Well, no surprise, the check is wrong in the header: it checks if __ALTIVEC__ is defined, but uses not Altivec, but VSX instructions.

barracuda156 avatar Apr 20 '25 06:04 barracuda156

This part breaks the build: https://github.com/google/highway/blob/457c891775a7397bdb0376bb1031e6e027af1c48/hwy/detect_targets.h#L653

barracuda156 avatar Apr 20 '25 07:04 barracuda156

Need to build Google Highway with -DHWY_COMPILE_ONLY_EMU128=1 as none of the PowerPC-based Macs support VSX and as POWER8 CPU's became available almost 8 years after the discontinuation of the Power Mac G5.

The build errors are also caused by using an earlier version of GNU Assembler (as) that does not support assembling instructions added in POWER7 or POWER8 (including VSX).

johnplatts avatar Apr 20 '25 23:04 johnplatts

@johnplatts Thank you for responding. Perhaps all is needed is a macro checking for VSX, as it is done above? Altivec is supported back to G4 and whatever ISA version it used. IMO, this is an issue of inappropriate macro. Of course, it can be avoided by a configure flag, as you suggest, but it is not something obvious to a user. If it is undesirable to check for VSX there for some reason, adding !defined(__APPLE__) will do, since we know for sure that macOS cannot run on ISA 2.06-supporting cpus. I can make a PR with a single-line change for that.

barracuda156 avatar Apr 21 '25 01:04 barracuda156

Thanks @johnplatts. Would you agree it makes sense to exclude Apple (preferably via HWY_OS_APPLE)? It seems very unlikely that Apple will go back to POWER, and it would help for such cases of old binutils.

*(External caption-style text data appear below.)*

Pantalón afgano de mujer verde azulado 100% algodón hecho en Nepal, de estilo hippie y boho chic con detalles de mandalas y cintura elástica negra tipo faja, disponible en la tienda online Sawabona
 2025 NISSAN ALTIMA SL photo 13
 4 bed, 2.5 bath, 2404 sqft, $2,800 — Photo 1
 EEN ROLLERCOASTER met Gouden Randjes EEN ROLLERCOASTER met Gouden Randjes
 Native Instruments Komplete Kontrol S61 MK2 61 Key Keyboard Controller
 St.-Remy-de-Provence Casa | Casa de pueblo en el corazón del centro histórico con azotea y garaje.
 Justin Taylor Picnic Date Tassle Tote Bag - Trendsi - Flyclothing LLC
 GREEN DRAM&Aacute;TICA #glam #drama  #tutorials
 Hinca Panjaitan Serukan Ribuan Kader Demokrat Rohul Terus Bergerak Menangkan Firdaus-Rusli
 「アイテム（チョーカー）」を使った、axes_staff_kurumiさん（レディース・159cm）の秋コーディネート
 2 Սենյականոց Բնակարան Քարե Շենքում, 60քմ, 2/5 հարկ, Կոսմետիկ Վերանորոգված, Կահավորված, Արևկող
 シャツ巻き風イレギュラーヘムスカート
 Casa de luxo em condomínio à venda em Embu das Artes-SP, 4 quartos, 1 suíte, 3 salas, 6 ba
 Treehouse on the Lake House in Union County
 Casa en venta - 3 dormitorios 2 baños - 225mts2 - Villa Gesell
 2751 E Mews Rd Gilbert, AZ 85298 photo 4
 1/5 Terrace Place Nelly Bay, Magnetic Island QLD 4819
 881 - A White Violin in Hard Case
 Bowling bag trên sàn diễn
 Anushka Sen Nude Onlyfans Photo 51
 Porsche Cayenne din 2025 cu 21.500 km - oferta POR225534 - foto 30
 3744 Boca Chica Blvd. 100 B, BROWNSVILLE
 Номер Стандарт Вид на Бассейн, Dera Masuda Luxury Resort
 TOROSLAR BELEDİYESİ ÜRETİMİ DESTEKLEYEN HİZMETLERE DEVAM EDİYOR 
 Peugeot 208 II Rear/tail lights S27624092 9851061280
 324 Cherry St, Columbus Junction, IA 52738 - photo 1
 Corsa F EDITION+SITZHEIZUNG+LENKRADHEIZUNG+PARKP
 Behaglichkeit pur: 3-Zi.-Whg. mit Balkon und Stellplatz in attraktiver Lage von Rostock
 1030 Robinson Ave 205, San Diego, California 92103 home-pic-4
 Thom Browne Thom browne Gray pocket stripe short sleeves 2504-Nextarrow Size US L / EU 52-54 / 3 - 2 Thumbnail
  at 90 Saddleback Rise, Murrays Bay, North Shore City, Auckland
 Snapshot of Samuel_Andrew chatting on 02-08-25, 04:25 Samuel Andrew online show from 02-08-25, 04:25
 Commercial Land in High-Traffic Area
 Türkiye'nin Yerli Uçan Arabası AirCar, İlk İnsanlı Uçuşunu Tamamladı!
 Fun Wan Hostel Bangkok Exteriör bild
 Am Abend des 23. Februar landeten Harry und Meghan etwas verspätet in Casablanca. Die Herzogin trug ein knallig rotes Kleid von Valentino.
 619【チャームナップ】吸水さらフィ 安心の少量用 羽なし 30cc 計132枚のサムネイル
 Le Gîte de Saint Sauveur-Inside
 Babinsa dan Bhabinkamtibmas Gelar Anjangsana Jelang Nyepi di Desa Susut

@barracuda156 note that we don't want to be too specific with the macro checks because the runtime dispatch and attainable means "can be generated by the compiler", which is a looser check than "actually enabled via -m flags".

jan-wassenberg avatar Apr 22 '25 09:04 jan-wassenberg

@johnplatts Just in case, Altivec-compatible implementation of this never existed? It would be nice to have it working instead of just disabling. (Yeah, I understand that nobody gonna bother writing that from scratch, and I have no experience with Altivec code myself, but if it is a matter of restoring an earlier version, I can do it locally.)

barracuda156 avatar Apr 22 '25 10:04 barracuda156

I believe it is correct that there was never a working version using only Altivec. Some of the required ops were implemented using VSX.

jan-wassenberg avatar Apr 22 '25 13:04 jan-wassenberg

@barracuda156 are you fine with the current status or should we still exclude Apple from the PPC targets?

jan-wassenberg avatar Jul 04 '25 09:07 jan-wassenberg

I encountered this error while trying to build version 1.0.7 for 32b PowerPC a few weeks ago. However, then-current Git HEAD (6cdcbfd0fed5b0e695ab279571580749f6832664) works fine. Thank you for fixing this! 👍

vidraj avatar Aug 27 '25 08:08 vidraj

@jan-wassenberg Sorry for a delayed response. I think we have no problem with ppc-specific code now, though this problem exists in highwayhash (I guess it is a related project, but repo has been archived recently, so I can’t submit a fix for it).

I think there is an unsolved issue with futices being used where they cannot be supported, but it is unrelated to ppc.

barracuda156 avatar Aug 28 '25 18:08 barracuda156

:) I also worked on HighwayHash and its runtime dispatch mechanism was an early prototype of what's now in Highway, but otherwise there is no overlap.

What's the issue with futex?

jan-wassenberg avatar Aug 29 '25 11:08 jan-wassenberg

and its runtime dispatch mechanism was an early prototype of what's now in Highway

IC. zeek still uses a bundled copy of highwayhash, that’s how I bumped into it.

What's the issue with futex?

The current implementation relies on features which do not exist in macOS before 10.12. I added this patch to fix the build: https://github.com/macos-powerpc/powerpc-ports/blob/292ce14e6a6e0ced04024874ab66b63d668cbb42/devel/highway/files/patch-futex.diff MacPorts used configure arg: https://github.com/macports/macports-ports/commit/8f035fc71e7a2995d10fd3959d44e996c29c3919

barracuda156 avatar Aug 29 '25 12:08 barracuda156

The HighwayHash algorithm is still good, but I'd advise all users to switch to johnplatts' excellent implementation which uses Highway for the SIMD part.

Thanks, we can upstream something similar :)

jan-wassenberg avatar Aug 29 '25 12:08 jan-wassenberg